Name of each exchange on which each class is to be registered

Series A Preferred Stock Purchase Rights   Nasdaq Global Market

 

If this form relates to the registration of a class of securities pursuant to Section 12(b) of the Exchange Act and is effective pursuant to General Instruction A.(c), check the following box. x   If this form relates to the registration of a class of securities pursuant to Section 12(g) of the Exchange Act and is effective pursuant to General Instruction A.(d), check the following box. ¨

Securities Act registration statement file number to which this form relates: N/A

Securities to be registered pursuant to Section 12(g) of the Act:

Not Applicable

(Title of Class)

 

 

 


Item 1. Description of Registrant’s Securities to be Registered.

On January 29, 2010, the Board of Directors (the “Board of Directors”) of ICO Global Communications (Holdings) Limited (the “Company”) authorized and declared a dividend of one Class A Right (“Class A Right”) for each outstanding share of its Class A Common Stock, par value $0.01 per share (the “Class A Common Stock”) and one Class B Right (“Class B Right” and together with the Class A Rights, the “Rights”) for each outstanding share of its Class B Common Stock, par value $0.01 per share (the “Class B Common Stock” and together with the Class A Common Stock, the “Company Common Stock”), to stockholders of record at the close of business on February 8, 2010 (the “Record Date”), and authorized the issuance of one Class A Right for each share of Class A Common Stock issued by the Company and one Class B Right for each share of Class B Common Stock issued by the Company (except as otherwise provided in the Tax Benefits Plan, as defined below) between the Record Date and the Distribution Date (as defined below). Each Class A Right entitles the registered holder, subject to the terms of the Tax Benefits Plan (as defined below), to purchase from the Company one one-thousandth of a share (a “Unit”) of Series A Junior Participating Preferred Stock, par value $0.01 per share (the “Series A Preferred”), at a purchase price of $12.40 per Unit, subject to adjustment, and each Class B Right entitles the registered holder, subject to the terms of the Tax Benefits Plan, to purchase from the Company one Unit of Series B Junior Participating Preferred Stock, par value $0.01 per share (the “Series B Preferred”), at a purchase price of $12.40 per Unit, subject to adjustment. The purchase price for the Class A Rights and the Class B Rights is payable in cash or by certified or bank check or money order payable to the order of the Company. The description and terms of the Rights are set forth in a Tax Benefits Preservation Plan between the Company and Mellon Investor Services LLC, as Rights Agent, dated as of January 29, 2010, as amended from time to time (the “Tax Benefits Plan”).

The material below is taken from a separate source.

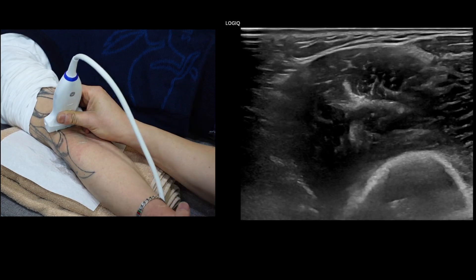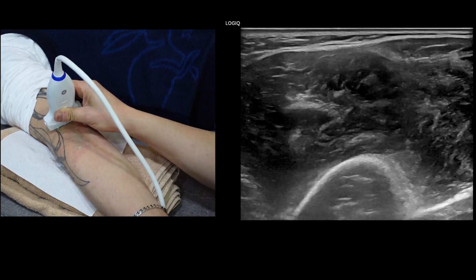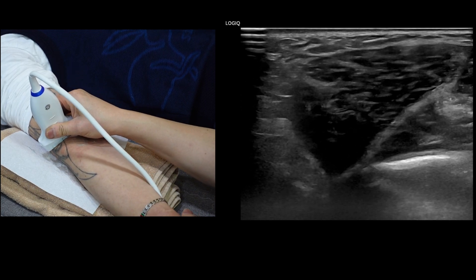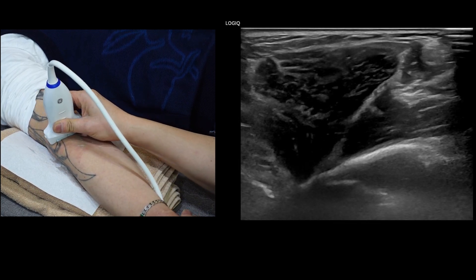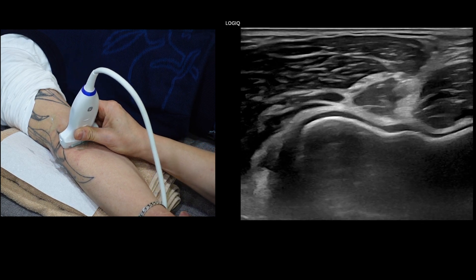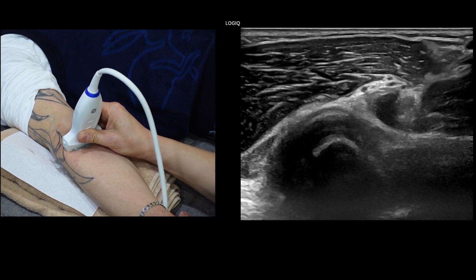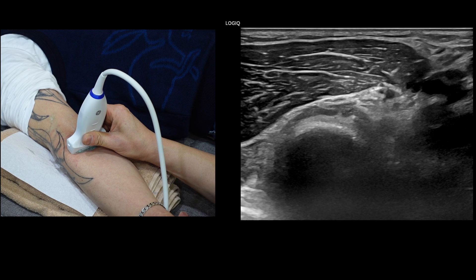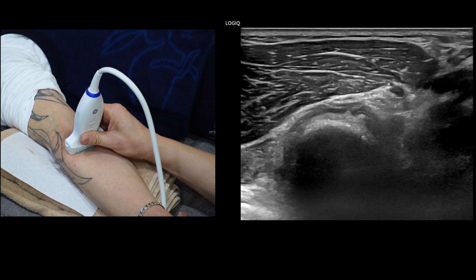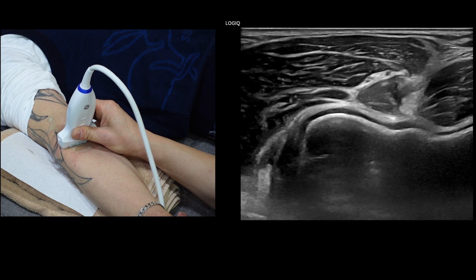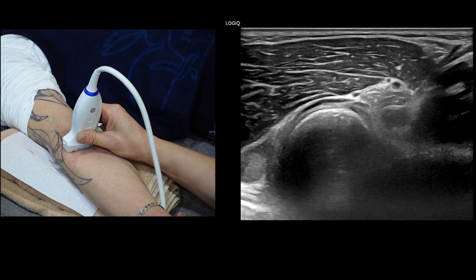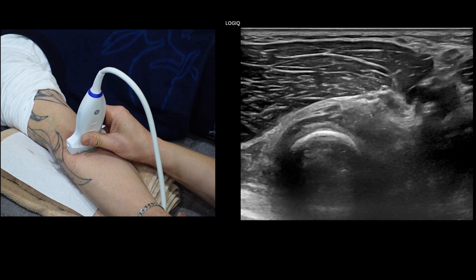We will then proceed to evaluate the deep radial nerve. The scan starts above the elbow crease, tracking the radial nerve in its intermuscular fascial plane between the brachialis and brachioradialis muscles. As we follow the radial nerve in a transverse scan, we will identify the separation of the superficial and deep radial nerves, focusing more on the deep radial nerve.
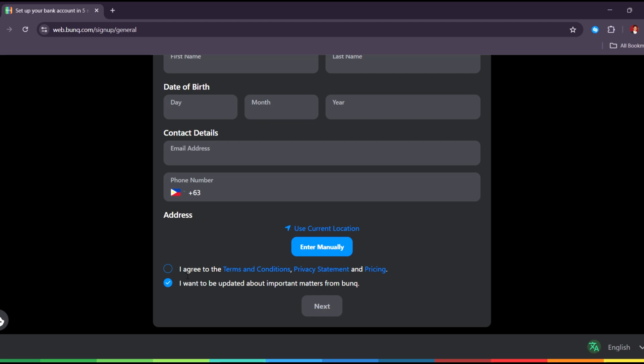Then tap Next to continue. From here, all you have to do is follow the on-screen instructions to verify your identity and complete the setup. Once done, your Bonk Account will be ready to use. And that's it — thank you guys for watching.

Copies of the Tax Benefits Plan and forms of the Certificates of Designation for the Series A Preferred and Series B Preferred have been filed with the Securities and Exchange Commission as Exhibits to a Current Report on Form 8-K. Copies of the Tax Benefits Plan and forms of the Certificates of Designation are available free of charge from the Company. This summary description of the Rights, the Series A Preferred and the Series B Preferred does not purport to be complete and is qualified in its entirety by reference to all of the provisions of the Tax Benefits Plan and forms of the Certificates of Designation, including the definitions therein of certain terms, which Tax Benefits Plan and forms of the Certificates of Designation are incorporated herein by reference.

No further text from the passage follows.